The designers have to get that ~2:1 passing ratio right. Dangerous to put vehicles that behave atypically out there.

Just to be clear, this study did not say that vehicles will show this biased behavior. It shows (IMO) that biased behavior is possible.

The question for vehicles is, will cars accurately detect all objects actually located in the field of traffic, classify all the pedestrians as such without errors, and determine the relevant aspects of the absolute and relative motion of the pedestrians to determine if they are placed at hazard by the motion of the host vehicle. I don't think this can be assessed with accuracy when the test did not involve any actual prototype or production vehicle sensors, did not involve any vehicle-based vision-processing and object detection/classification algorithms, and did not use any actual automotive object processing.

The car does not need to identify whom has been detected (Congress person versus convict). It does need to determine if it is a person, if it is in-path or when it will be in-path, and how the risk of collision changes with relative vehicle-to-object motion. That's not the problem these researchers set for themselves.

Other vision systems in cars look at the driver (for SAE automation levels 4 and below) to determine alertness, direction of gaze, and other characteristics that could assess safety of driver actions. While these look at the face, they also do not need to recognize who the driver is nor the race, gender or size. Race, gender, size, clothing, hairstyle, cleanliness, cosmetics, health, morphology variations natural or not, eyewear and possibly other points affect these determinations, but the basic requirements are that the head pose, eyelid status, possible gaze direction, and eye motion be detected. Not identity.

Sometimes the real problem is easier than what the researchers have available to them.
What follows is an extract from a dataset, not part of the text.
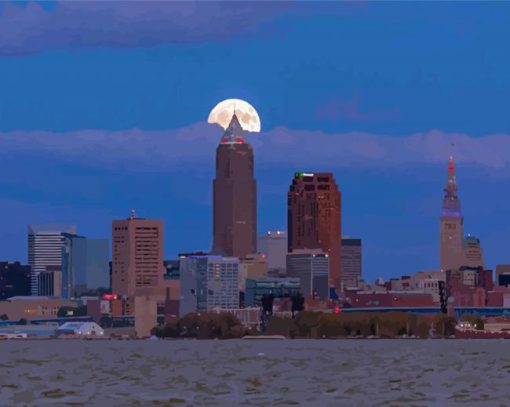 Moonrise Cleveland Diamond Painting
But, it is necessary to impose design and compliance/verification/validation testing requirements for such systems to direct the designer (including his/her company) to ensure no loss of relevant sensor performance exists, and to verify that the performance is effectively equal across the population. In the United States the only regulatory agency that is able to constrain automotive design is NHTSA, and their Congressional mandate only permits them to act reactively. The US structure of liability law values that safety-related design must follow state-of-the-art practices to ensure safety, or due diligence might not have been followed. This usually motivates companies within the US auto industry to "do the right thing," but ... it's not a regulation. Europe mandates following state-of-the-art practices and verifying that such has in fact been done, achieving firm regulation to their standards.

Ensuring equality across the population of design teams does not necessarily solve the problem (how do you make sure that all design teams have a member who has had significant facial injuries, for just one example requirement?), because all industrial technical professionals are subject to pressure from the corporate structure. An engineer from India, one from Africa, one from USA, and one from Asia are all subjected to cost and timing pressure when performing product design. And all are capable of eliminating biases from their thinking in their work, if they actually have any biases. And being human, imperfections can creep in despite best efforts of all involved.

This paper shows a potential for biased behavior and that training methodology may help to remove it, but it is not directly applicable for vehicles as it is.